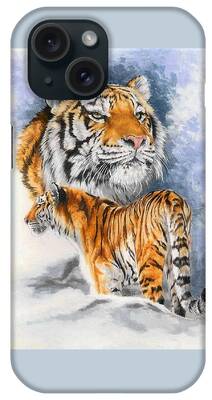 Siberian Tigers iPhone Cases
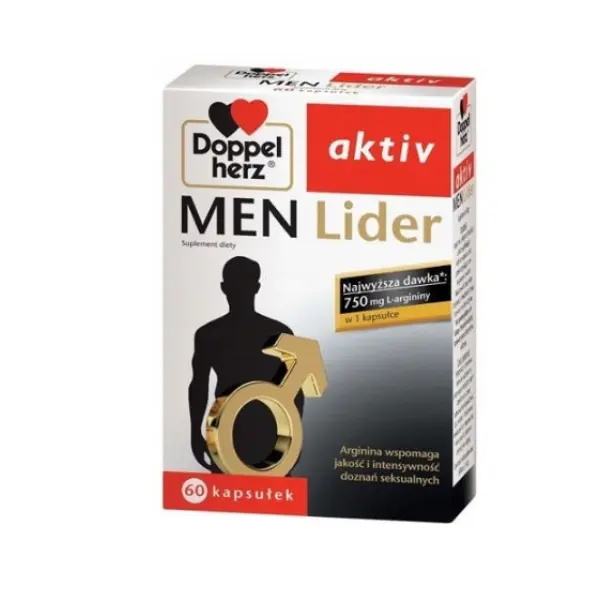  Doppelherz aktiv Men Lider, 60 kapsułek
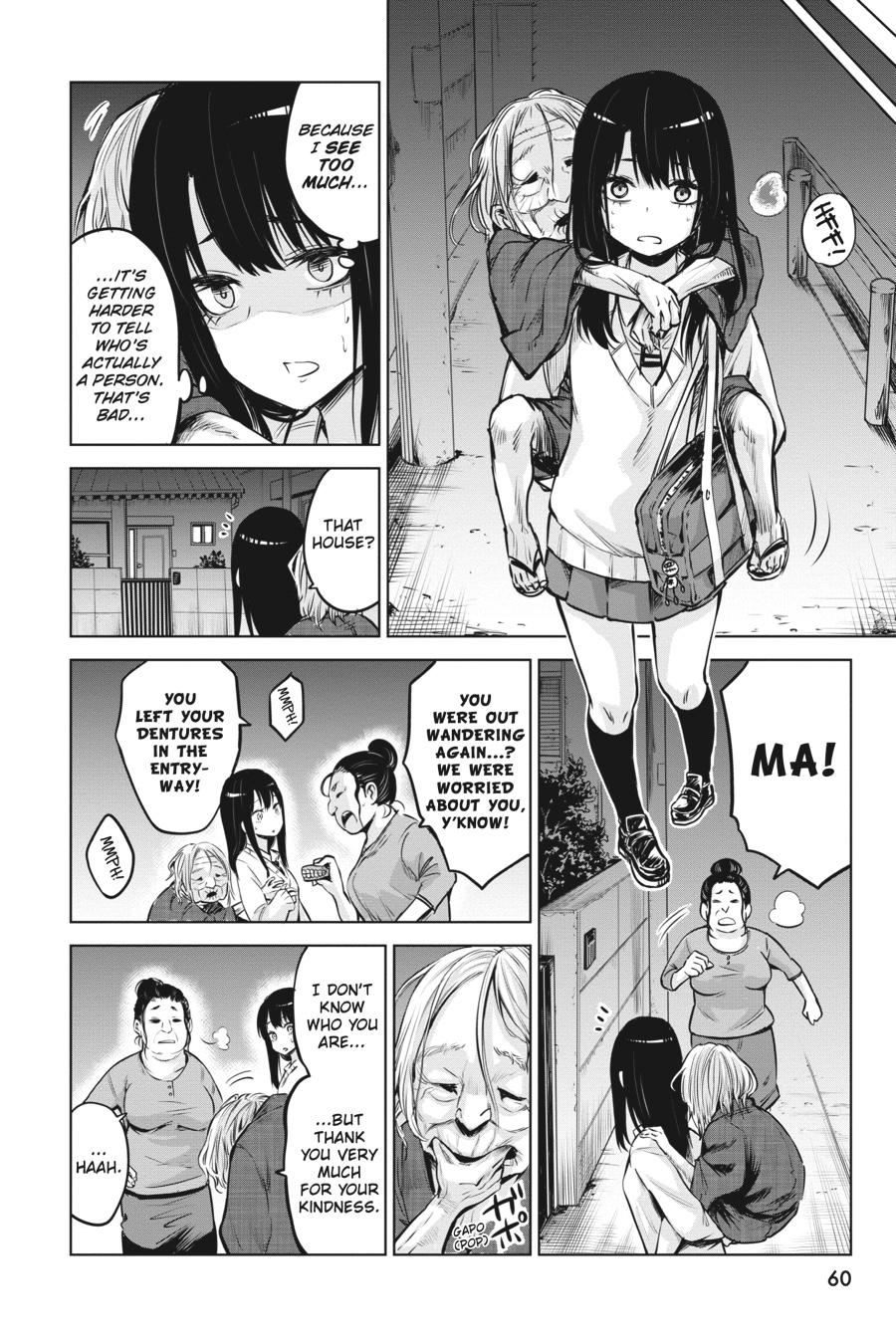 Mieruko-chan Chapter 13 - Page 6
•••
■ WHAT YOU NEED TO DO: An exact copy of the whole listing is required, minus the pictures.

■ TASK RESULT:
 Siberian Tigers iPhone Cases
  Doppelherz aktiv Men Lider, 60 kapsułek
 Mieruko-chan Chapter 13 - Page 6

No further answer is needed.